Engineering Services Director Jason Brodigan said the city had long expected Lebanon Road to become a six-lane roadway under the thoroughfare plan, adopted in April 2025, but traffic has now pushed the corridor past the point where expansion is necessary. Traffic counts rose from nearly 30,000 drivers in 2022 to about 33,000 in 2025, a jump of roughly 10%. During that same period, commute time increased only 3%, a sign the road is still functioning but under growing pressure.
That pressure is most visible at Lebanon Road and FM 423, which Frisco’s intersection-improvement program identified as one of the city’s highest-volume intersections. The city previously widened capacity at seven of its busiest intersections, and Lebanon Road is now part of that same effort to stay ahead of congestion before daily backups become routine.
The widening is being built in three phases, including work at Teel Parkway and Lebanon Road, a left-turn lane into the Sonic Drive-In east of Todd Drive and interior lanes on Lebanon Road. Frisco also said turn-lane improvements are planned at Lone Star Ranch Parkway, Teel Parkway and Rock Creek Parkway.
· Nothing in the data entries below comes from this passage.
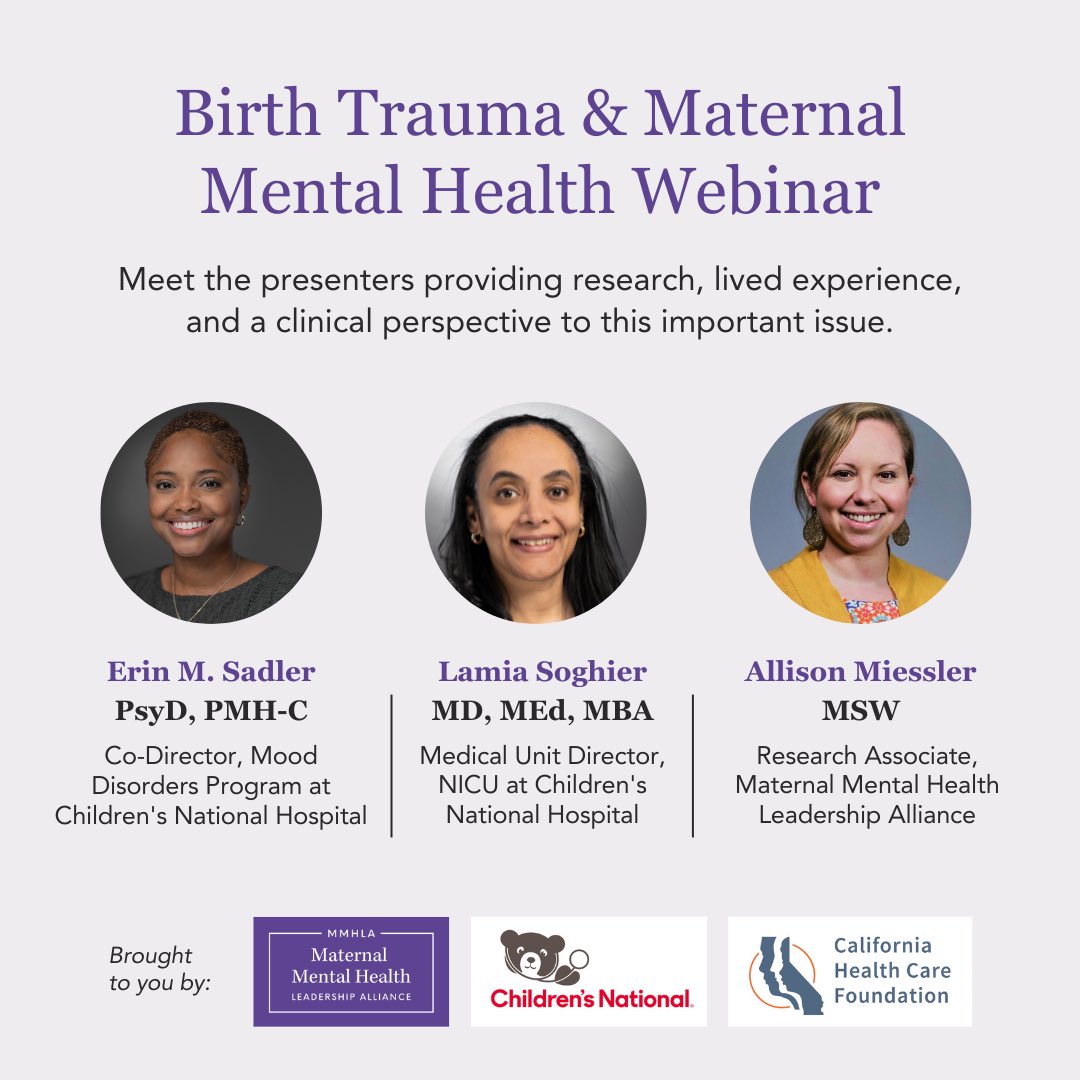 ErinSadlerPsyD's tweet photo. Join us today, 8/29 at 12pm ET for @MMHLA2’s Birth Trauma &amp; Maternal Mental Health Webinar. We will provide the latest research, clinical perspectives, &amp; resources. To register visit: https://t.co/VRicOcPfLQ [https://t.co/iM4FRn5rhN]. https://t.co/WRRLOU8RZ4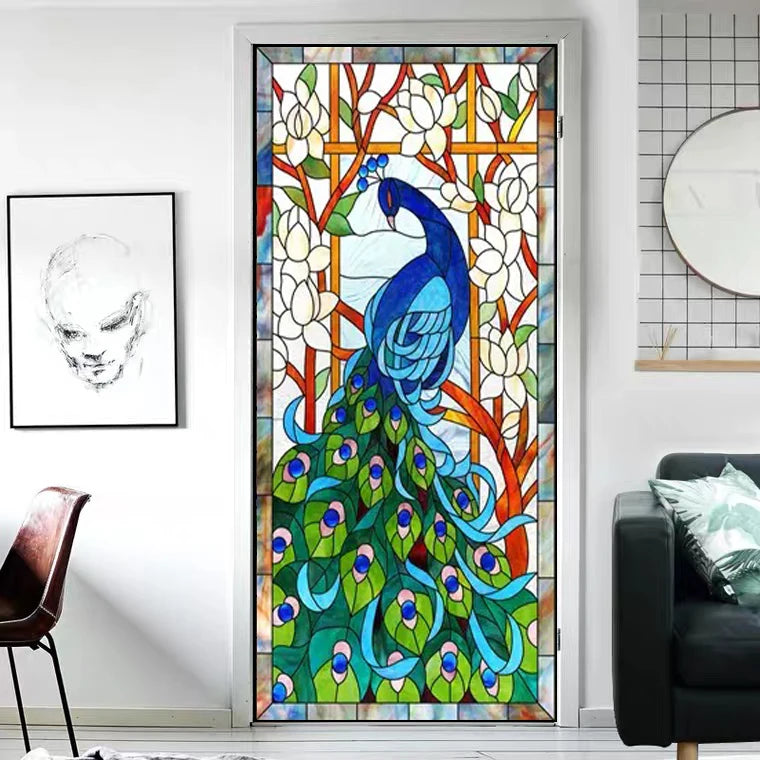 Custom Size Window Glass Films Peacock Self Adhesive Static Cling Home Decorative Frosted Privacy Stained Retro Church Glass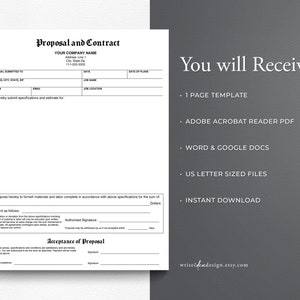 Contract Template. Pdf/google Docs/microsoft Word. Contract and ...
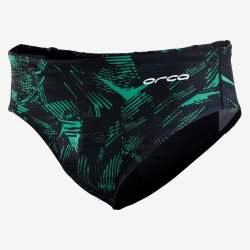 Orca - men Brief swimsuit - black green print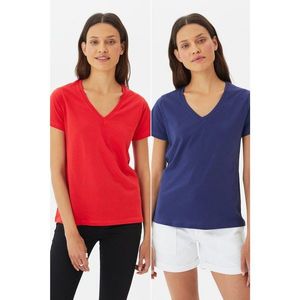 Trendyol Navy-Red 100% Cotton Single Jersey V Neck 2 Pack Knitted T-Shirt vyobraziť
A separate traffic notice issued April 17 said lane shifts between 4th Army Drive and Quail Hollow Road began April 20 to support Stewart Creek bridge repairs, with westbound traffic moving to the south half of the roadway for about two months.
For nearby neighborhoods, businesses and commuters, the payoff should be a wider corridor with better flow once the work is done. Until then, Lebanon Road is one more reminder that Frisco’s growth is still outrunning its roads, even as the city tries to widen them before the gridlock takes over.